### WHAT TO DO
Return only the lines of the listing below that run from the line with "和柄 hana ichimatsu" through the line with "Саратовская областьПодача воды", both ends included, exactly as written.

### THE DATA
=== Begin Enclosure ===

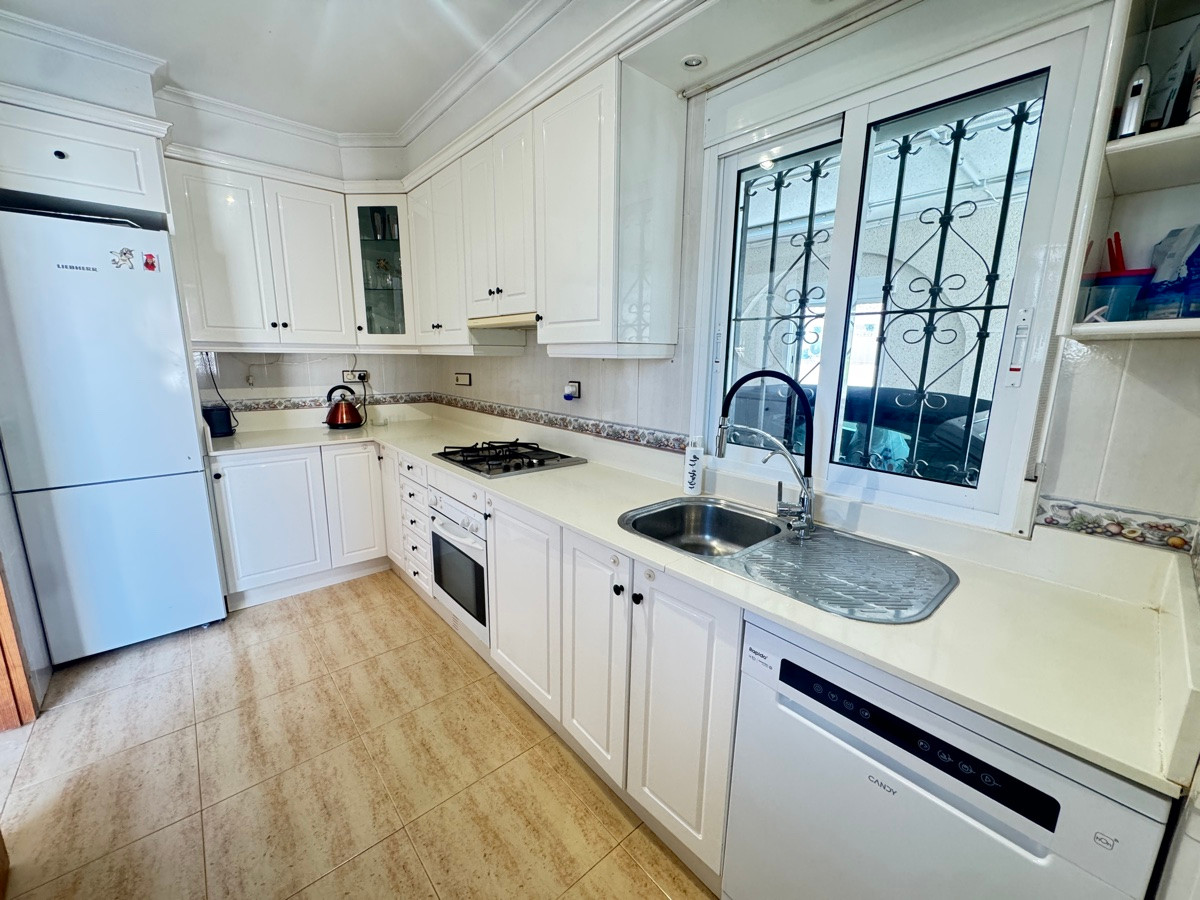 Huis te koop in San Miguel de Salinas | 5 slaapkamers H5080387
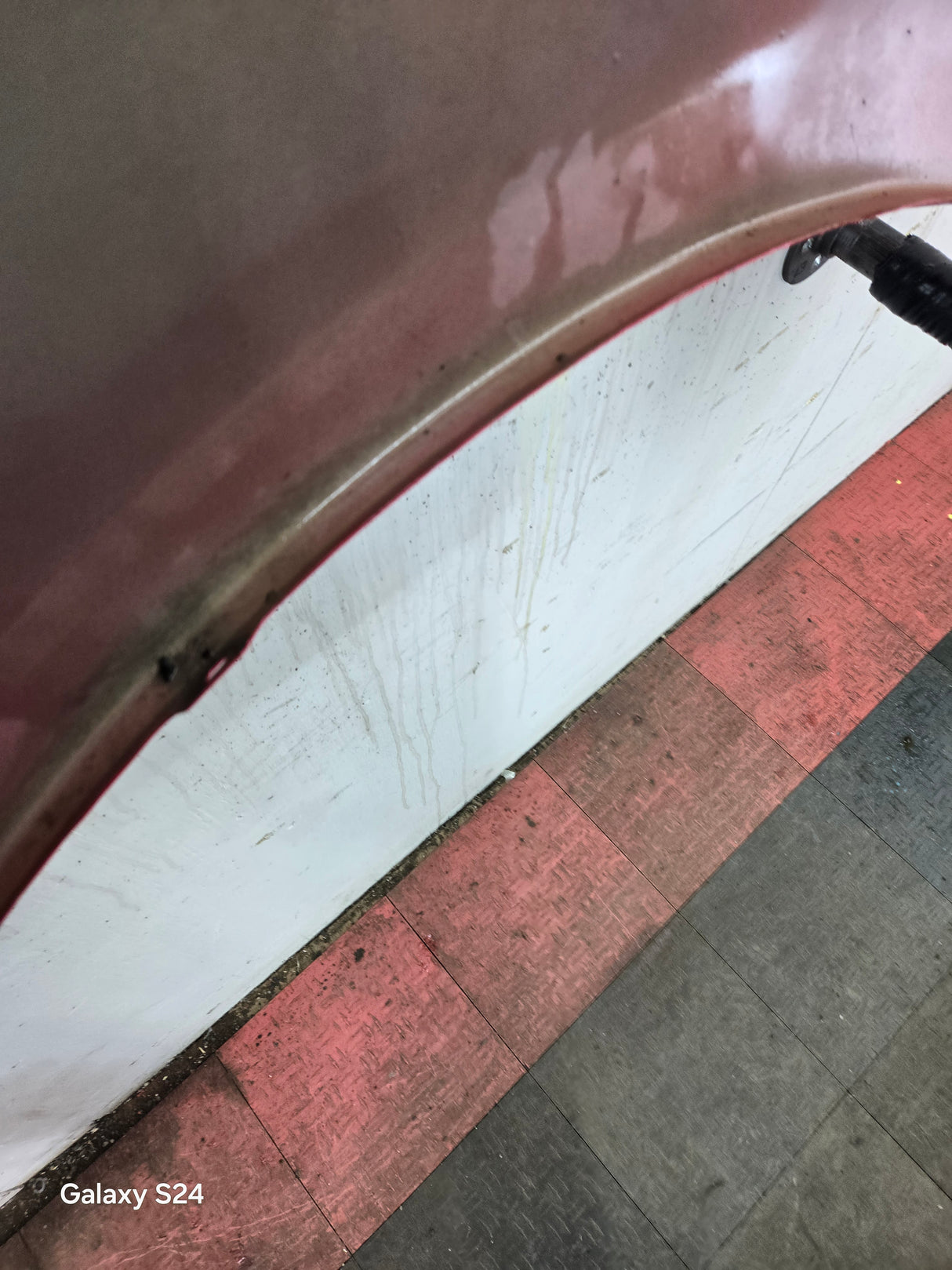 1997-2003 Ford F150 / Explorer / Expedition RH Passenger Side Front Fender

=== End Enclosure ===
=== Begin Enclosure ===

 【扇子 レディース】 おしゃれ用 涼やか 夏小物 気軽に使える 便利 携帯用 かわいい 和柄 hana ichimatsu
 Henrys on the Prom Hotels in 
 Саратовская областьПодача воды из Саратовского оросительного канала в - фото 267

=== End Enclosure ===

### RESULT
 【扇子 レディース】 おしゃれ用 涼やか 夏小物 気軽に使える 便利 携帯用 かわいい 和柄 hana ichimatsu
 Henrys on the Prom Hotels in 
 Саратовская областьПодача воды из Саратовского оросительного канала в - фото 267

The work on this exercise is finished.